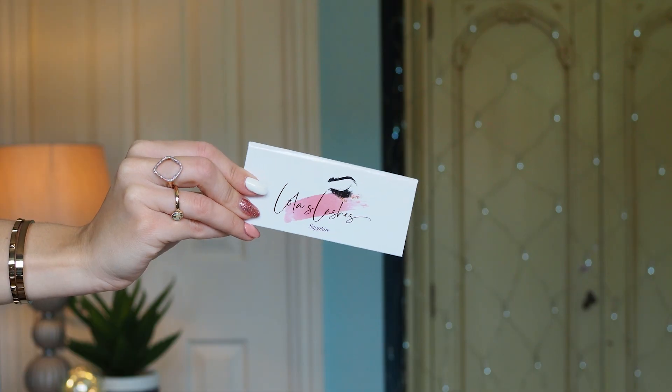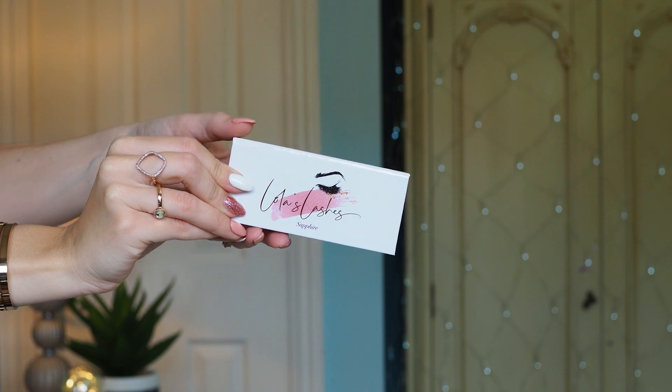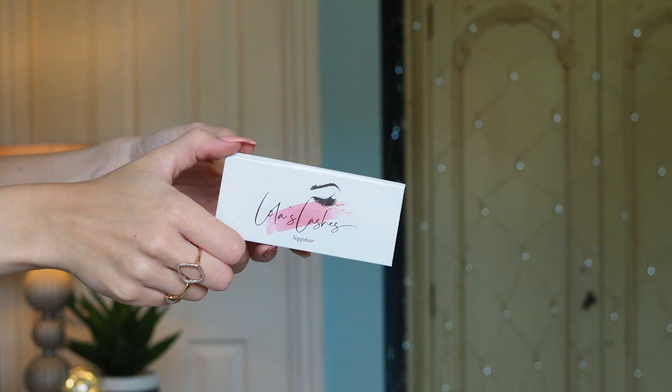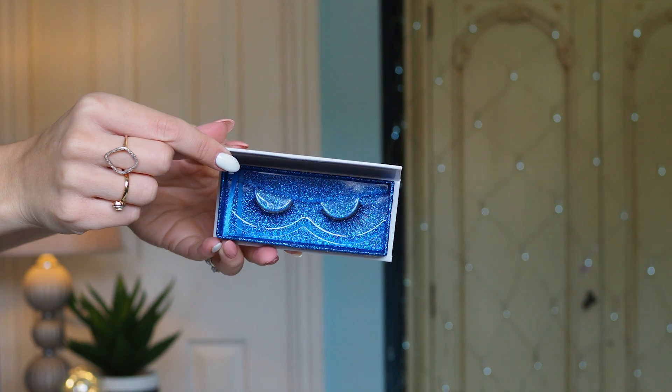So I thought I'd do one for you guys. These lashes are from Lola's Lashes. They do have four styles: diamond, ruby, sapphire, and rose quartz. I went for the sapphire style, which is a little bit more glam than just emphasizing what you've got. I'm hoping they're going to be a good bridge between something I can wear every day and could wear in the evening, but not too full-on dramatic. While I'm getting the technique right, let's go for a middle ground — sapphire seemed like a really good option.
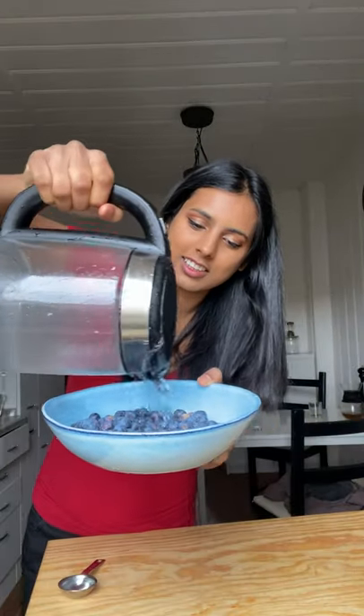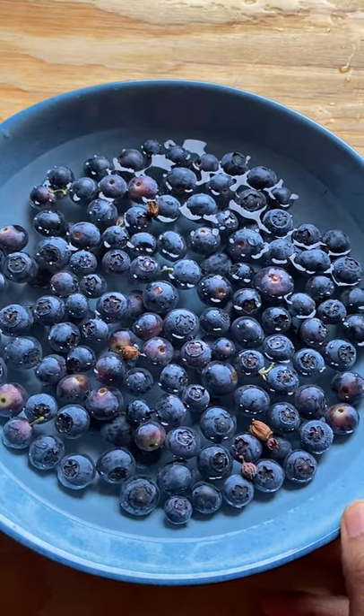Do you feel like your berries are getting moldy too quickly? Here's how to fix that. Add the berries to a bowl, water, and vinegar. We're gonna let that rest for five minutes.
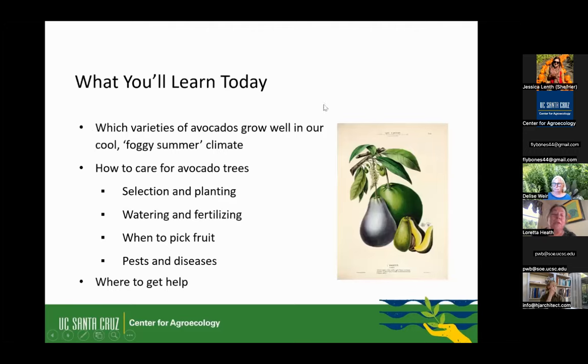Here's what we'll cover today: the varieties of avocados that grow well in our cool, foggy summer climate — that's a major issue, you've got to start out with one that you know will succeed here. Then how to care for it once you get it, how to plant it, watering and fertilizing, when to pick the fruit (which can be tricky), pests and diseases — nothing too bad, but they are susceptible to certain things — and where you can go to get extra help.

= = = = = = =

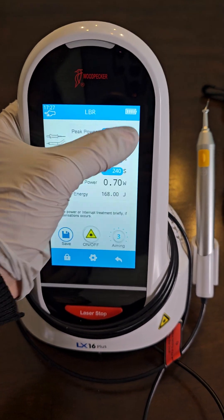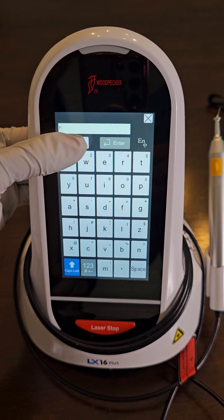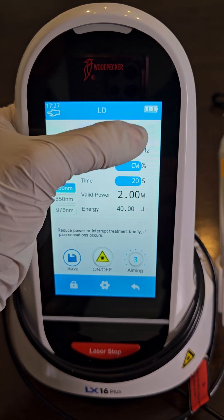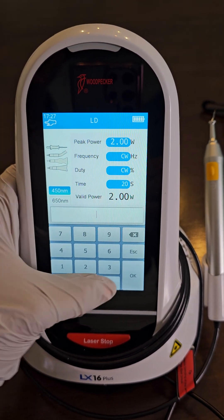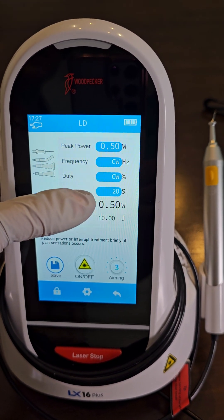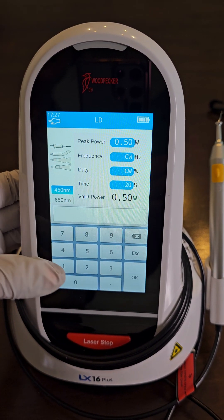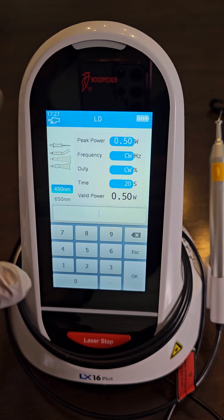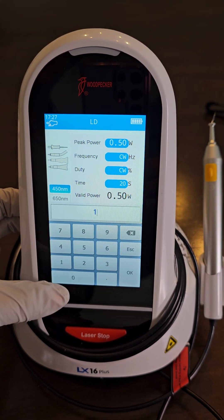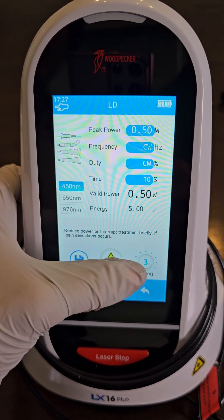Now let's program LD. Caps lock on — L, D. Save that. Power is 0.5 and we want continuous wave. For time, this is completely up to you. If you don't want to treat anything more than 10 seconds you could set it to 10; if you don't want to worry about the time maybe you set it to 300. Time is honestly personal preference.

= = = = = = =

▶ [TASK BRIEF] Taking the entries above, copy word for word the lines from the one with "So I thought" up to and including the one with "Here's what we'll", without any picture.

▶ [WRITTEN SOLUTION]
So I thought I'd do one for you guys. These lashes are from Lola's Lashes. They do have four styles: diamond, ruby, sapphire, and rose quartz. I went for the sapphire style, which is a little bit more glam than just emphasizing what you've got. I'm hoping they're going to be a good bridge between something I can wear every day and could wear in the evening, but not too full-on dramatic. While I'm getting the technique right, let's go for a middle ground — sapphire seemed like a really good option.
Do you feel like your berries are getting moldy too quickly? Here's how to fix that. Add the berries to a bowl, water, and vinegar. We're gonna let that rest for five minutes.
Here's what we'll cover today: the varieties of avocados that grow well in our cool, foggy summer climate — that's a major issue, you've got to start out with one that you know will succeed here. Then how to care for it once you get it, how to plant it, watering and fertilizing, when to pick the fruit (which can be tricky), pests and diseases — nothing too bad, but they are susceptible to certain things — and where you can go to get extra help.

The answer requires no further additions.